**PROMPT:**
The lines to repeat are those below from the one containing "Bird Of Paradise" down to the one containing "Quilted Rhombic Chain", both included; reproduce them exactly and nothing else.

[Opening INFORMATION section]

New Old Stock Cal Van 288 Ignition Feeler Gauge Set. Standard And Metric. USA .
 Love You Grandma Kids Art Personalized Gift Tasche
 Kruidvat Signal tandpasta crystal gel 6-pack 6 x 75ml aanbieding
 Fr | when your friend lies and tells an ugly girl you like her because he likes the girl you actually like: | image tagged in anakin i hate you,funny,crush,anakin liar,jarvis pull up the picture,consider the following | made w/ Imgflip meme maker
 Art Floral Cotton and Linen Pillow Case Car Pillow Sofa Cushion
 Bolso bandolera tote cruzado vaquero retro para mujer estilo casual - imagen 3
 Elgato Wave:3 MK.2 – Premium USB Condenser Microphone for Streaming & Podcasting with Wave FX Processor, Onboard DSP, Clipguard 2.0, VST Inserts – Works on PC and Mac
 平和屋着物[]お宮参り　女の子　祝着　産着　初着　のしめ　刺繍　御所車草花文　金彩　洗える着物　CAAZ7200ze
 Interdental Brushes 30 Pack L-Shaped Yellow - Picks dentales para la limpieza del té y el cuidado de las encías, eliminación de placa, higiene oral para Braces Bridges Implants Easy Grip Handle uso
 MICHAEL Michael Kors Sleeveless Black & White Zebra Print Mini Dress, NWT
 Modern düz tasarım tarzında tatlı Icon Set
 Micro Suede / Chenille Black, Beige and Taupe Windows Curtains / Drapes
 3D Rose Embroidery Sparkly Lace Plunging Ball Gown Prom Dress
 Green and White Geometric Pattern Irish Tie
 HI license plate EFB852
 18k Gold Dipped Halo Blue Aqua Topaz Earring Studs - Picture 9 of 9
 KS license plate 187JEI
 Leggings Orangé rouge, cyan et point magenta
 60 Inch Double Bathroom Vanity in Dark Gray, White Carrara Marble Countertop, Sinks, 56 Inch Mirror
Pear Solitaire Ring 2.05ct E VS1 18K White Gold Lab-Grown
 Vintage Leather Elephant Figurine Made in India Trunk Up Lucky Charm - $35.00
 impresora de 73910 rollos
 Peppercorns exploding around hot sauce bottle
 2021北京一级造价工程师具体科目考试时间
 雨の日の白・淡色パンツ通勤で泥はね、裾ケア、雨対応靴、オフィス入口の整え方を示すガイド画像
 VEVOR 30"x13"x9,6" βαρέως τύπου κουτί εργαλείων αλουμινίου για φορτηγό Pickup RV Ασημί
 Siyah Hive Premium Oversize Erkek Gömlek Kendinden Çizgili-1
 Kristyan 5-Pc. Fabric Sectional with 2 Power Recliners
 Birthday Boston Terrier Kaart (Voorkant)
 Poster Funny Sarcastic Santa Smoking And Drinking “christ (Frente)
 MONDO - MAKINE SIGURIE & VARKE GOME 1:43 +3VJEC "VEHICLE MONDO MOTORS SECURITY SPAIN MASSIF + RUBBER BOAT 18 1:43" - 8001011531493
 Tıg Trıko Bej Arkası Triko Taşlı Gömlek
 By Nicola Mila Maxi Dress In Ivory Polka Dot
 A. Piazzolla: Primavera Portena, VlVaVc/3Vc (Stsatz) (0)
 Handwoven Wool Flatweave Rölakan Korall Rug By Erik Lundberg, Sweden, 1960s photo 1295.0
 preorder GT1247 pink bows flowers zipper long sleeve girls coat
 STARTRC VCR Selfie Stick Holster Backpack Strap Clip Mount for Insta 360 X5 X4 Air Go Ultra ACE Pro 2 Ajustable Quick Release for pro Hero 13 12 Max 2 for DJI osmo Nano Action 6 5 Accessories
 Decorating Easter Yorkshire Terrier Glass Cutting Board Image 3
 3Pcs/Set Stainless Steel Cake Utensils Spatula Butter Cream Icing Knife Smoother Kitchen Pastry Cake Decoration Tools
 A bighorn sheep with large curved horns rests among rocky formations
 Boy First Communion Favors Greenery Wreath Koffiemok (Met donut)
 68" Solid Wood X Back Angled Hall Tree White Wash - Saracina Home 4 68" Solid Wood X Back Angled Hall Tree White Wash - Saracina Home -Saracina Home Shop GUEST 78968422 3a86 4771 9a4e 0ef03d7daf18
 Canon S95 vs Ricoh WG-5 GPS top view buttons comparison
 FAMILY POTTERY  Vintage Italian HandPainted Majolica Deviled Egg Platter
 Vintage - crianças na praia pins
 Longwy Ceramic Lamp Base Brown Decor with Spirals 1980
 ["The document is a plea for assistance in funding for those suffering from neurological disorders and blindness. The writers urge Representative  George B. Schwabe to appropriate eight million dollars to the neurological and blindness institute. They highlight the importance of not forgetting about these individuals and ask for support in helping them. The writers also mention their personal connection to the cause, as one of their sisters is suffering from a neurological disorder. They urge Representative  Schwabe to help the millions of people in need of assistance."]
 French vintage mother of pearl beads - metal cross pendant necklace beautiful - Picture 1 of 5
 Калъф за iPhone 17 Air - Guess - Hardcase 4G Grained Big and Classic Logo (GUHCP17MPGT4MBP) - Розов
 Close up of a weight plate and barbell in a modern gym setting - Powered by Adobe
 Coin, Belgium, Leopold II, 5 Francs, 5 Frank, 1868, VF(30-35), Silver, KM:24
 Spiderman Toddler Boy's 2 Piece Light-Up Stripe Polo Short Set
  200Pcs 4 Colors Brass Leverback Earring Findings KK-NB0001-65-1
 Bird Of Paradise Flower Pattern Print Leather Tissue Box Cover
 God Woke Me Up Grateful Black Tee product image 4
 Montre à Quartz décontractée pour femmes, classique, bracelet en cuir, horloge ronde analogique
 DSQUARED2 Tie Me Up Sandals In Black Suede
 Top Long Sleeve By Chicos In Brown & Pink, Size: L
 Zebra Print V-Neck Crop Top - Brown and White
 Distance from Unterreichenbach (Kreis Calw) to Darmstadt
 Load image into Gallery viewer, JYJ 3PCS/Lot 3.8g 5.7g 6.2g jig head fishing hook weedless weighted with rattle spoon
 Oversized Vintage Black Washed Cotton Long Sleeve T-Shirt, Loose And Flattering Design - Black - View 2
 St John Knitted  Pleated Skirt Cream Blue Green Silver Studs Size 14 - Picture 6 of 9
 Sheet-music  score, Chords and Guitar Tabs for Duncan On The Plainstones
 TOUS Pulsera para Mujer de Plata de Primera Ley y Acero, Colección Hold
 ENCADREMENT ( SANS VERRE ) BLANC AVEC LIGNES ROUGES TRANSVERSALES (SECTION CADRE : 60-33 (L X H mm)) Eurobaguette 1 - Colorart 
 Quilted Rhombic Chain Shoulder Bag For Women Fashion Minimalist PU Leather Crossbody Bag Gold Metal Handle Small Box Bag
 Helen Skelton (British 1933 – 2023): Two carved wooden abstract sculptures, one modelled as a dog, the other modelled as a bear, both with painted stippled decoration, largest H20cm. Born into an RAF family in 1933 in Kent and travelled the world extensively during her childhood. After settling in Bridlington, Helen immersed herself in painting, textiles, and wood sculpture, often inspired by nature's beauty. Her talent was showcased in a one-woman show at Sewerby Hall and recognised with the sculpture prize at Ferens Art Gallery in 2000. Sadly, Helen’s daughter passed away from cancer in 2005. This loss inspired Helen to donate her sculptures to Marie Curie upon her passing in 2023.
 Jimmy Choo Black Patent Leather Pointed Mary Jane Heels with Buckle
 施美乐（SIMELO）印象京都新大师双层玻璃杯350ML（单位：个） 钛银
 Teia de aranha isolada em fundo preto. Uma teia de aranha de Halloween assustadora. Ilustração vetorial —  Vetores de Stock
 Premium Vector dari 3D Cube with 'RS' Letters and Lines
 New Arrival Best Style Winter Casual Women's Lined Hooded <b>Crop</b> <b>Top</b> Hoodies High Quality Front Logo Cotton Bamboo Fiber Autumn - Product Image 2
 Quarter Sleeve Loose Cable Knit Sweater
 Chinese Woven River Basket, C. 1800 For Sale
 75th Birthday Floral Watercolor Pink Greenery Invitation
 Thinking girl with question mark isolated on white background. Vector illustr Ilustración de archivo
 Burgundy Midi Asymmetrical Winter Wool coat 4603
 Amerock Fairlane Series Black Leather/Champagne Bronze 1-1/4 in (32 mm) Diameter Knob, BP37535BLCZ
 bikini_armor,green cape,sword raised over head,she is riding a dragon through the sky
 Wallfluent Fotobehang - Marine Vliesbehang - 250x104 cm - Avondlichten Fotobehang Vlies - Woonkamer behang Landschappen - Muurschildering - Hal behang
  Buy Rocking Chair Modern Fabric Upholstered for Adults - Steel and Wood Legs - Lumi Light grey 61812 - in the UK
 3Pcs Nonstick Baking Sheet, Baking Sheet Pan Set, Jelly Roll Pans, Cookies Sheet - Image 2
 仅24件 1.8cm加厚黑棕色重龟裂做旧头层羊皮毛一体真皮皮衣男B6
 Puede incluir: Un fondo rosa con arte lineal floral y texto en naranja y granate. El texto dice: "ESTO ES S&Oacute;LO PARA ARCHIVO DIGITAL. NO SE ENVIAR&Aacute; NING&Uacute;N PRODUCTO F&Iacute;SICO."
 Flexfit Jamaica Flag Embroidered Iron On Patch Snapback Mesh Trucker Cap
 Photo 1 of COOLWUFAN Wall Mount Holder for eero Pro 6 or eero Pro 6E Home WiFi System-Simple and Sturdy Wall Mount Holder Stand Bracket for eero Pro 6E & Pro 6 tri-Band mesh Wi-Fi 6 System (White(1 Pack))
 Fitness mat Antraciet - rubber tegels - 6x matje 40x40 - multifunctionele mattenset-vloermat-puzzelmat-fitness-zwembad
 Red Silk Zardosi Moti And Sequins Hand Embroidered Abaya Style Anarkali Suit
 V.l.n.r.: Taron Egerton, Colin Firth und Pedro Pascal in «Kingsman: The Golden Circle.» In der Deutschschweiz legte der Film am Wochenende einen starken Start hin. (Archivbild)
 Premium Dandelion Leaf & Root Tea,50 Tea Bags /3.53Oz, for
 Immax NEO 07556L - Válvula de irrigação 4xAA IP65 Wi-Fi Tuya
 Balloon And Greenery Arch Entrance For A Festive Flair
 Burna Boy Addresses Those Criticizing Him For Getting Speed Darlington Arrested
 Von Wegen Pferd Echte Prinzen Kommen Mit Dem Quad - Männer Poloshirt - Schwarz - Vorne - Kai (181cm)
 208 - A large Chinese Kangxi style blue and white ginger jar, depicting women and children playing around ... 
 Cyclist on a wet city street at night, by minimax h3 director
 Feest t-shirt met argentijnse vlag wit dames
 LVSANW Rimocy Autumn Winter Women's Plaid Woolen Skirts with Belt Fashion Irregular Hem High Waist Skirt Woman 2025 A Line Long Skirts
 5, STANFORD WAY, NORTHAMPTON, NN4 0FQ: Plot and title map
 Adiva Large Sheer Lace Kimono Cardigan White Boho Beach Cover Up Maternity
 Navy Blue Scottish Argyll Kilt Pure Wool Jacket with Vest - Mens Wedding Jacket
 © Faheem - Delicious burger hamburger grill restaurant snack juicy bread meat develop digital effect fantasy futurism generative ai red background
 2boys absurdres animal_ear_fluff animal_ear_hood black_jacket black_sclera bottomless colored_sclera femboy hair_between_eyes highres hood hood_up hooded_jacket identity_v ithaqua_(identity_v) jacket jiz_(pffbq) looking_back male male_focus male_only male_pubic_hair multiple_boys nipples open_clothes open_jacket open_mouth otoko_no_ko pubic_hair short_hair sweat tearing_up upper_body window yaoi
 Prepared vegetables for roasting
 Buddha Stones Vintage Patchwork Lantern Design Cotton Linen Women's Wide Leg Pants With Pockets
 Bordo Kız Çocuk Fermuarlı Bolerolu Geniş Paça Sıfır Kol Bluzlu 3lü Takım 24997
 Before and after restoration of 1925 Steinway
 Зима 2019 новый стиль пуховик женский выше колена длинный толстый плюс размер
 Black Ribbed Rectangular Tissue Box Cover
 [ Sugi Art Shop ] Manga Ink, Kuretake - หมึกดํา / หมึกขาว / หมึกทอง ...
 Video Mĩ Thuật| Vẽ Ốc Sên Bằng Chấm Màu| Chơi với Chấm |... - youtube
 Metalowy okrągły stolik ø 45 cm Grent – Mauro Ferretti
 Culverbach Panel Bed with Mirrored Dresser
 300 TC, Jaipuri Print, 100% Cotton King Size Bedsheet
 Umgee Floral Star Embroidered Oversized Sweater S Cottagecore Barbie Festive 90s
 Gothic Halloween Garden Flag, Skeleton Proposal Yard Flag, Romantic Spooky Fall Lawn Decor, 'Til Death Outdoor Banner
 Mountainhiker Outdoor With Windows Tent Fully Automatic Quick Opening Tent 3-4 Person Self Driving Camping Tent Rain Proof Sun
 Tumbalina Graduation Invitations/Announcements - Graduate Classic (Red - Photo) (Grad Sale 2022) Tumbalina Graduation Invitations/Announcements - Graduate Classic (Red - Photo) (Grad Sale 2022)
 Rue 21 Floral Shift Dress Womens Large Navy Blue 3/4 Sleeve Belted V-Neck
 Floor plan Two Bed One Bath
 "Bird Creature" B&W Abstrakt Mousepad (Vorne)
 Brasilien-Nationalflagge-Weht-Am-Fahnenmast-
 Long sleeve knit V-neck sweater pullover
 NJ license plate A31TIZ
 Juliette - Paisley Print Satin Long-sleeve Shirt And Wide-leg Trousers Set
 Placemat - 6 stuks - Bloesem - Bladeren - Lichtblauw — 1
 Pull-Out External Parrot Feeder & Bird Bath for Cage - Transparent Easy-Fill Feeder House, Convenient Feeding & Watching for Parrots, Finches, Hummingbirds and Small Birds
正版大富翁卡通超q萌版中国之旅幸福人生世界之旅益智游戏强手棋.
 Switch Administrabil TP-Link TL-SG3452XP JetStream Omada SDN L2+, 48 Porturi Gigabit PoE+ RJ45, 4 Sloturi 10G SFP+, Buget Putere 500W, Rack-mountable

[Closing INFORMATION section]

**RESULT BELOW:**
 Bird Of Paradise Flower Pattern Print Leather Tissue Box Cover
 God Woke Me Up Grateful Black Tee product image 4
 Montre à Quartz décontractée pour femmes, classique, bracelet en cuir, horloge ronde analogique
 DSQUARED2 Tie Me Up Sandals In Black Suede
 Top Long Sleeve By Chicos In Brown & Pink, Size: L
 Zebra Print V-Neck Crop Top - Brown and White
 Distance from Unterreichenbach (Kreis Calw) to Darmstadt
 Load image into Gallery viewer, JYJ 3PCS/Lot 3.8g 5.7g 6.2g jig head fishing hook weedless weighted with rattle spoon
 Oversized Vintage Black Washed Cotton Long Sleeve T-Shirt, Loose And Flattering Design - Black - View 2
 St John Knitted  Pleated Skirt Cream Blue Green Silver Studs Size 14 - Picture 6 of 9
 Sheet-music  score, Chords and Guitar Tabs for Duncan On The Plainstones
 TOUS Pulsera para Mujer de Plata de Primera Ley y Acero, Colección Hold
 ENCADREMENT ( SANS VERRE ) BLANC AVEC LIGNES ROUGES TRANSVERSALES (SECTION CADRE : 60-33 (L X H mm)) Eurobaguette 1 - Colorart 
 Quilted Rhombic Chain Shoulder Bag For Women Fashion Minimalist PU Leather Crossbody Bag Gold Metal Handle Small Box Bag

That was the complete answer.